**DATASET EXTRACT**:
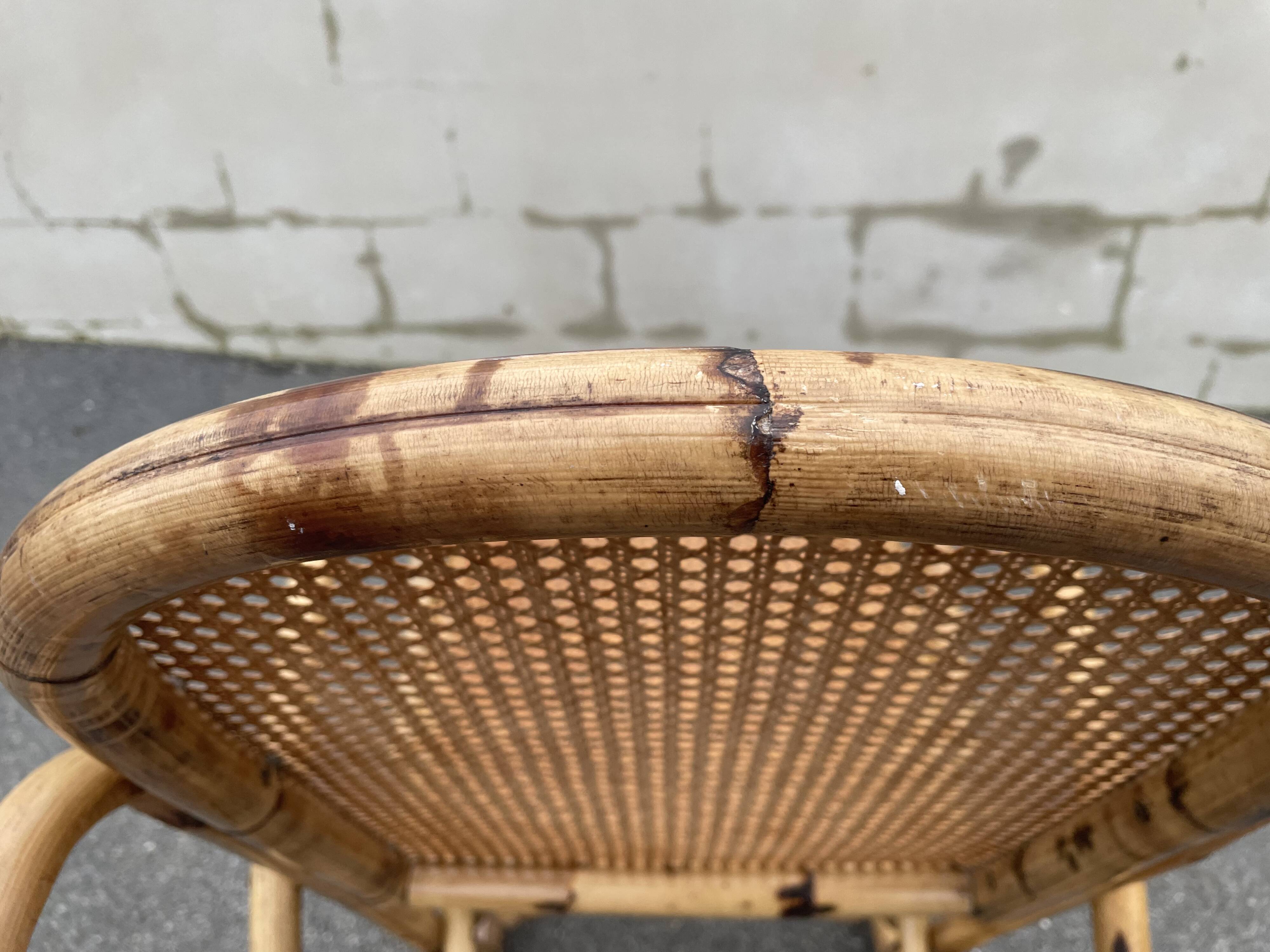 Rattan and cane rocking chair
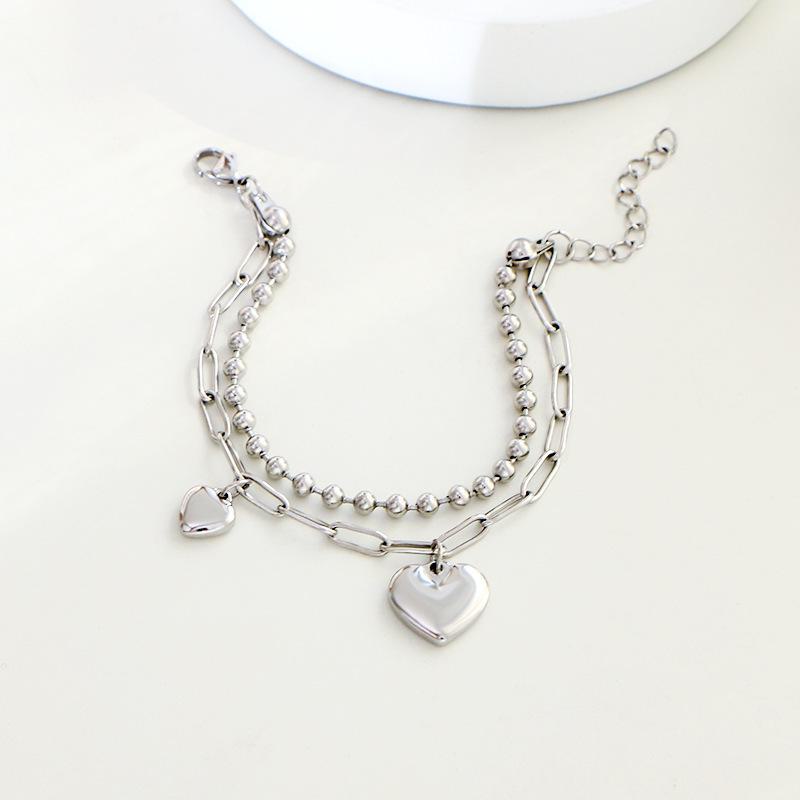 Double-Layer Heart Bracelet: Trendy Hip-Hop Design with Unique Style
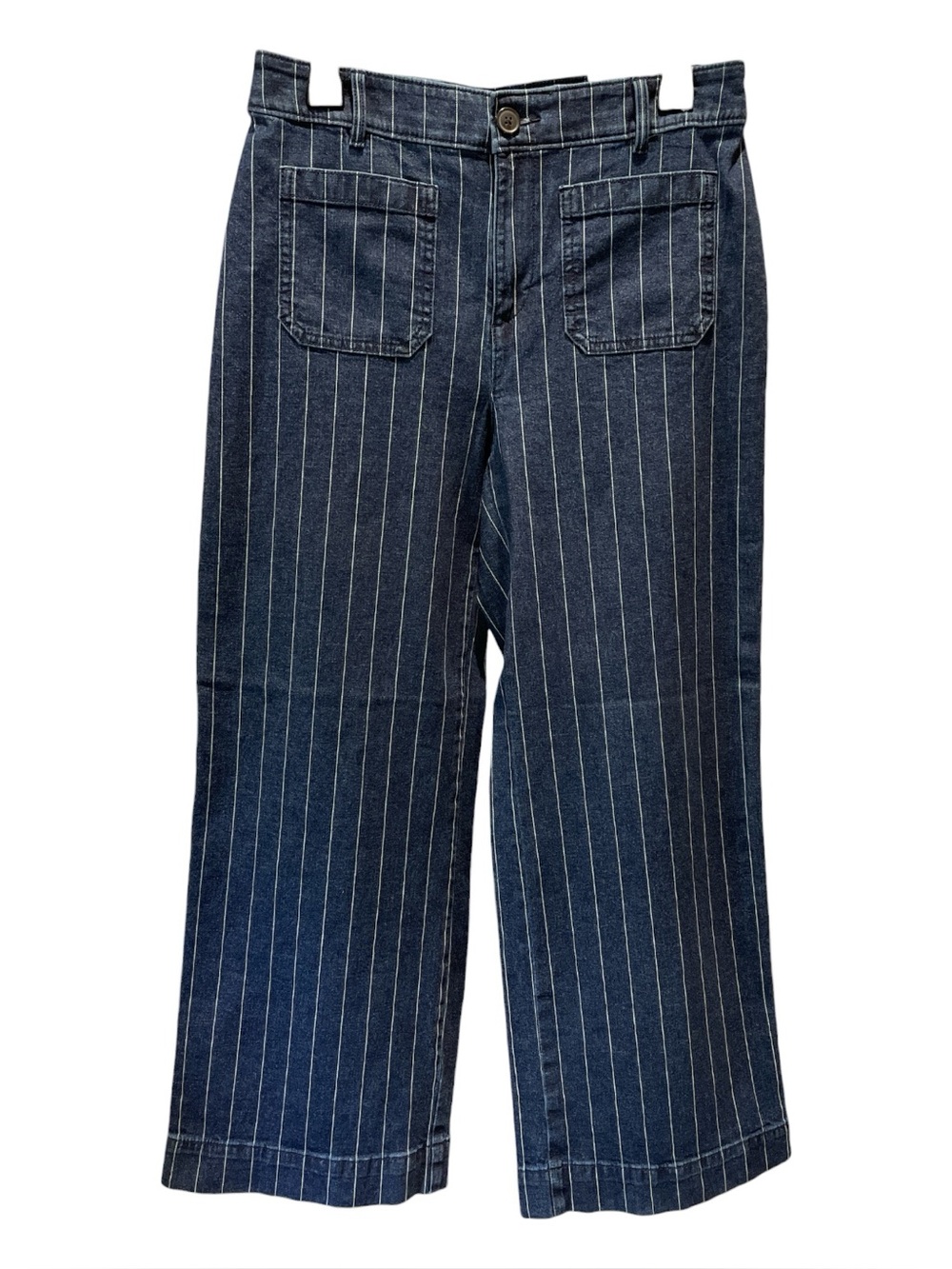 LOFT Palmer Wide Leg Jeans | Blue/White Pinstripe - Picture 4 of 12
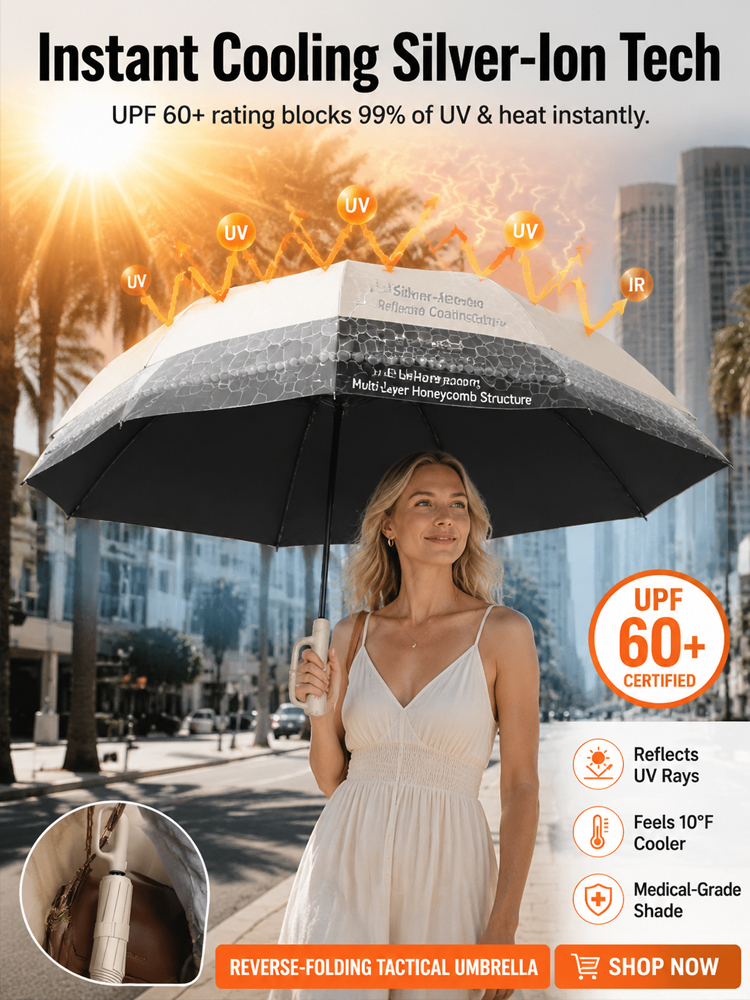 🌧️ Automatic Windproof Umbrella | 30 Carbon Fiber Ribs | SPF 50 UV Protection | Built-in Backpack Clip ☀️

**WORK ORDER**:
Leave out the pictures and copy the rest of the material above exactly.

**RESULT OF THE EXERCISE**:
 Rattan and cane rocking chair
 Double-Layer Heart Bracelet: Trendy Hip-Hop Design with Unique Style
 LOFT Palmer Wide Leg Jeans | Blue/White Pinstripe - Picture 4 of 12
 🌧️ Automatic Windproof Umbrella | 30 Carbon Fiber Ribs | SPF 50 UV Protection | Built-in Backpack Clip ☀️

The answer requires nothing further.